[Tech Preview] Email alerts with Grafana and Prometheus

I would like to setup email alerts for my storage nodes. It turns out the storage node already has a Prometheus endpoint. It is running on the debug endpoint /metrics. If you haven’t set the debug endpoint please visit Guide to debug my storage node, uplink, s3 gateway, satellite

I have already a Prometheus instance running and Grafana inclusive email alerts. Here are my configs:

docker-compose.yaml

version: "3.3"
services:
  prometheus:
    restart: unless-stopped
    user: 993:991
    ports:
      - 9090:9090/tcp
    image: prom/prometheus
    volumes:
      - /mnt/ssd/eth/prometheus:/prometheus
    command:
      - --storage.tsdb.retention.time=31d
      - --config.file=/prometheus/prometheus.yaml
  grafana:
    restart: unless-stopped
    user: 993:991
    ports:
      - 3000:3000/tcp
    image: grafana/grafana
    volumes:
      - /mnt/ssd/eth/grafana:/var/lib/grafana
    command:
      - -config=/var/lib/grafana/grafana.ini
  prometheus-exporter:
    restart: unless-stopped
    user: 993:991
    ports:
      - 9100:9100/tcp
    image: quay.io/prometheus/node-exporter
    volumes:
      - /:/host:ro,rslave
    command:
      - --path.rootfs=/host

prometheus.yaml

global:
  scrape_interval: 15s # By default, scrape targets every 15 seconds.
  scrape_timeout: 10s

# A scrape configuration containing exactly one endpoint to scrape:
# Here it's Prometheus itself.
scrape_configs:
   - job_name: 'prometheus-exporter'
     static_configs:
     - targets: ['prometheus-exporter:9100']
   - job_name: 'storagenodetest'
     metrics_path: /metrics
     static_configs:
     - targets: ['localhost:12019']
   - job_name: 'storagenode1'
     metrics_path: /metrics
     static_configs:
     - targets: ['localhost:13019']
   - job_name: 'storagenode2'
     metrics_path: /metrics
     static_configs:
     - targets: ['localhost:13029']

grafana.ini

[smtp]
enabled = true
host = smtp.gmail.com:587
user = <my gmail address>
password = <create new google app passwords>
;cert_file =
;key_file =
skip_verify = true
from_address = <my gmail address>
from_name = Grafana
# EHLO identity in SMTP dialog (defaults to instance_name)
;ehlo_identity = dashboard.example.com
[server]
root_url = http://localhost:3000

Up next we need a Grafana dashboard with email alerts. Let’s start with a first MVP. I am running multiple storage nodes and I want the email alert to tell me which node I need to fix. The trigger for the email alert doesn’t matter for this first MVP.
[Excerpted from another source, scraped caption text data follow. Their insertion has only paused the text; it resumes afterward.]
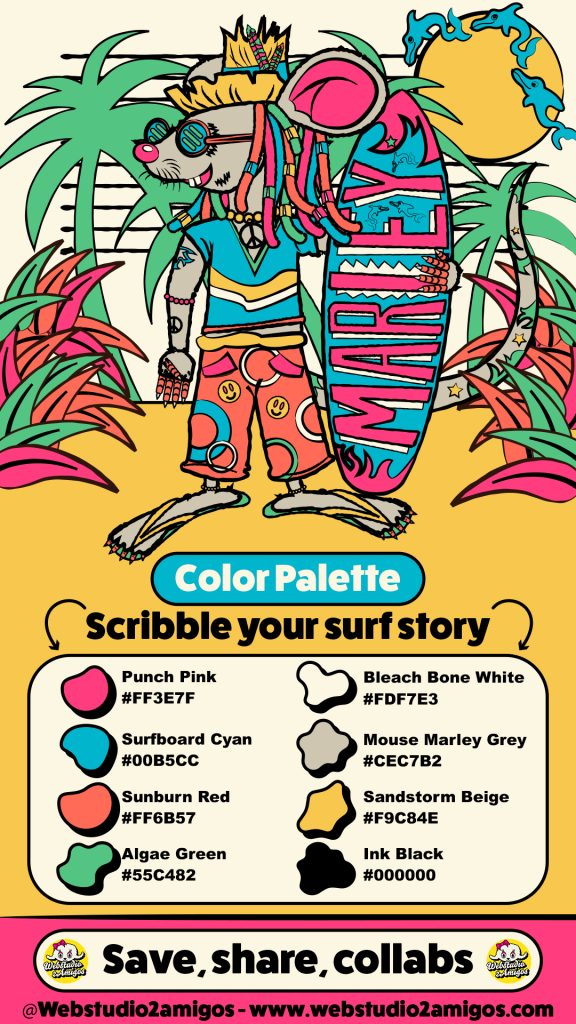 Scribble Your Surf Story From the Mouse Marley Series Tropical vibes, reggae tones, and a mouse who shreds waves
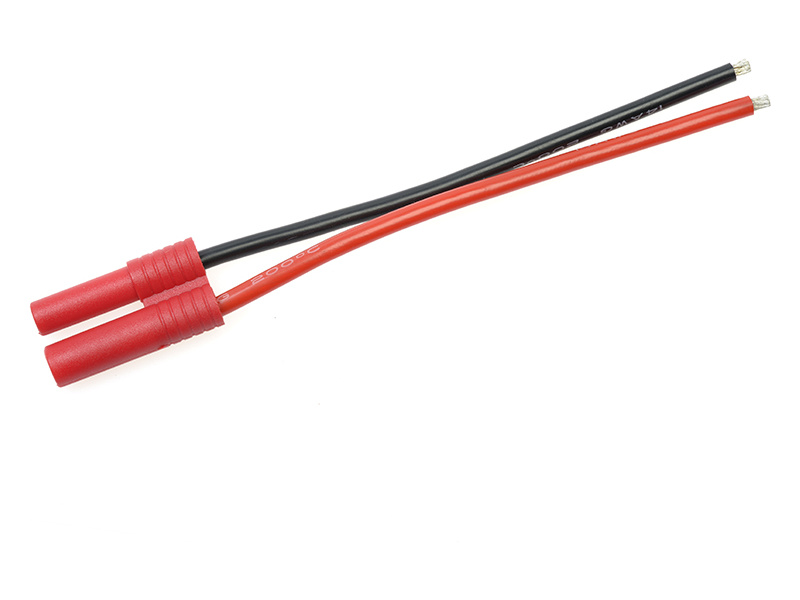 Konektor zlacený 4.0mm samec s kabelem 14AWG 10cm | pkmodelar.cz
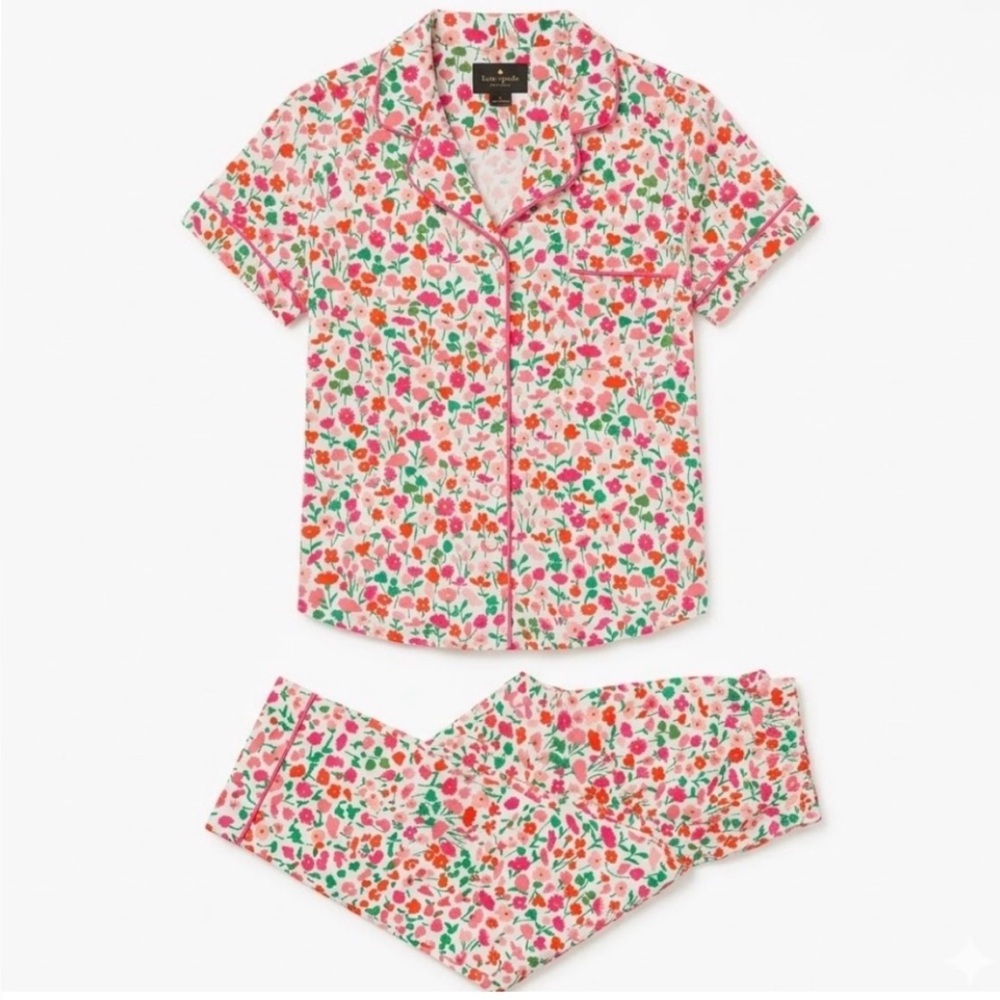 Kate Spade Floral Pacific Bloom Short-Sleeve Pajama Set Pink Red Green NEW Small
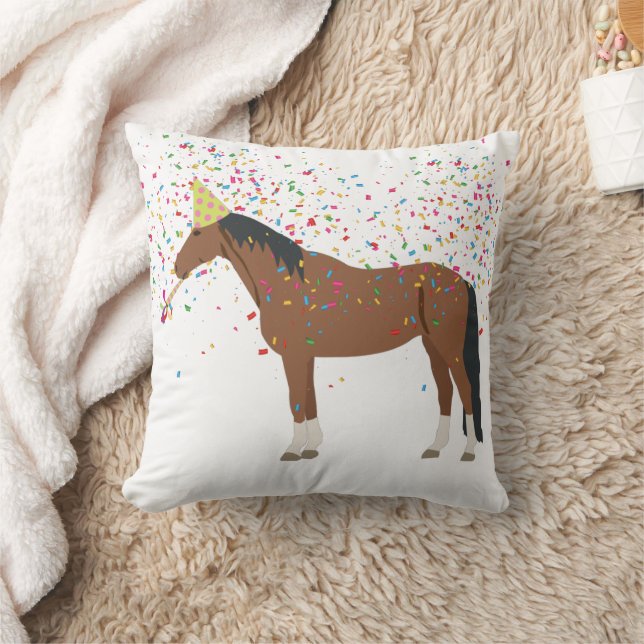 Horse Partying Farm Animals Having a Party  Cushion (Blanket)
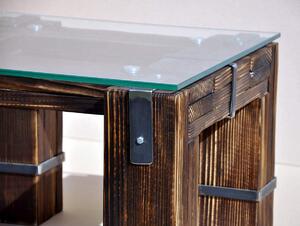 CHYRKA® Tavolino LD DROHOBYCZ tavolo da soggiorno loft vintage bar design industriale fatto a mano in legno vetro metallo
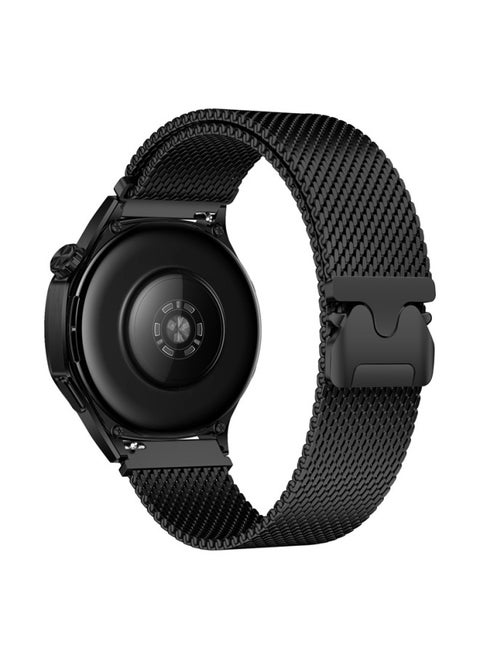 For HuaweiGT5/4 Magnetic Steel Belt Parachute Magnetic Buckle Milanese Strap For XiaomiFor SamsungWatch7-Color:2#Black D-Specifications:18mm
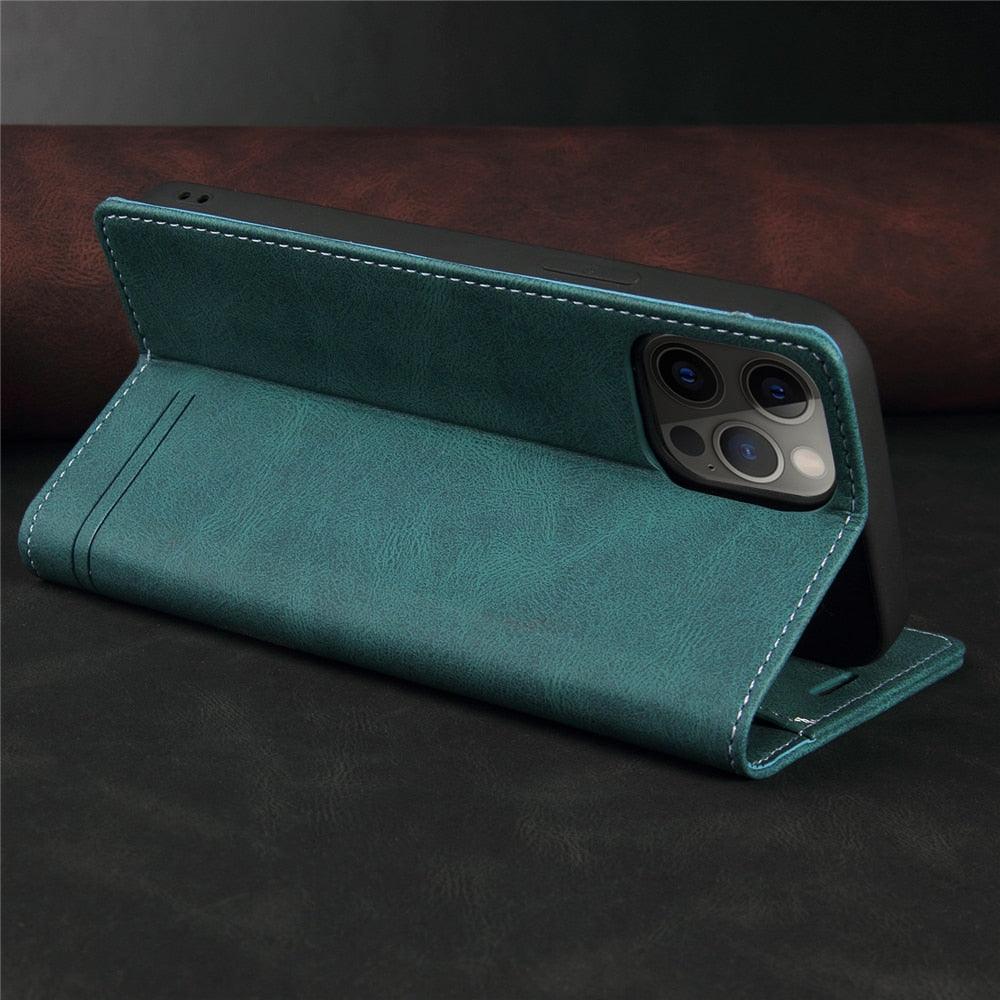 Leather Case For Xiaomi Stand View Shock-Proof Book Cover with Card Holder Magnetic Closure RedMi Note 11S 10 10S 9S 8 7 Pro 9T 9A 9C 11T 12T Mi Poco X3 X4 NFC GT M4 M3 F3 Anti-theft Brush Wallet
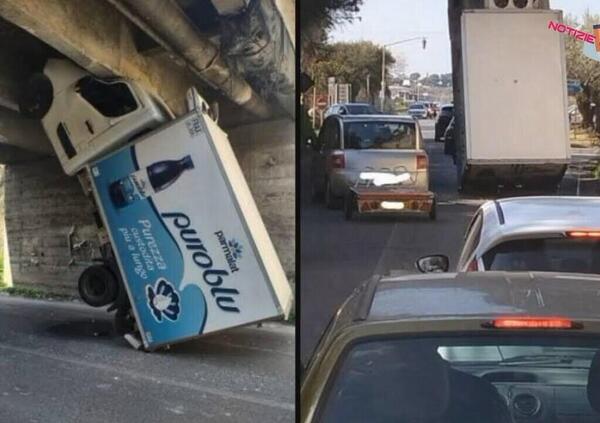 Mai visto: un camion finisce incastrato sotto un ponte, ma in verticale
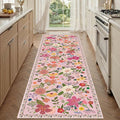 Latte&Fog Pink Washable Hallway Runner Rug 2.6x8, Non Slip Floral Runner Rug by LatteFog
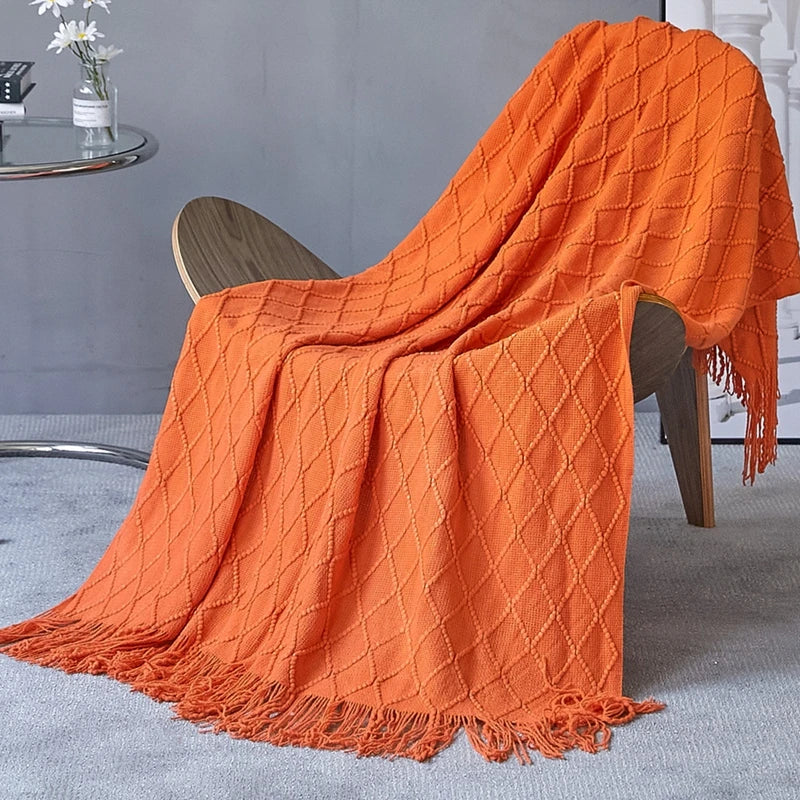 Chunky Knit Throw Blanket with Tassels – Khaki Farmhouse Oversized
In a second step I would like to brainstrom with all of you which email alerts we need. For each email alert we also have to specify which data we need.
More than 5% audit failures (GET_AUDIT failed vs sucess)
More than 2 pending audits (GET_AUDIT started vs success + failed)
Audit score lower than 1
Suspension score lower than 1
Node process not running
Please write down which email alerts you want to see

The third step will be to expose the data we need for these email alerts. To be honest I will not have the time to make all the code changes myself. Instead my intension is to demonstrate how to do it and hopefully it is easy enough so that you can continue to keep the ball rolling. Ideally we have a living Grafana dashboard at the end that gets improved by the community over time.

6 Likes

I have configured zabbix to send me SMS for these reasons, maybe these would also be useful for you:

  • audit score lower than 1
  • suspension score lower than 1
  • node process is not running
  • node port is not accessible
  • new version is available
  • dmesg contains the words “blocked for more”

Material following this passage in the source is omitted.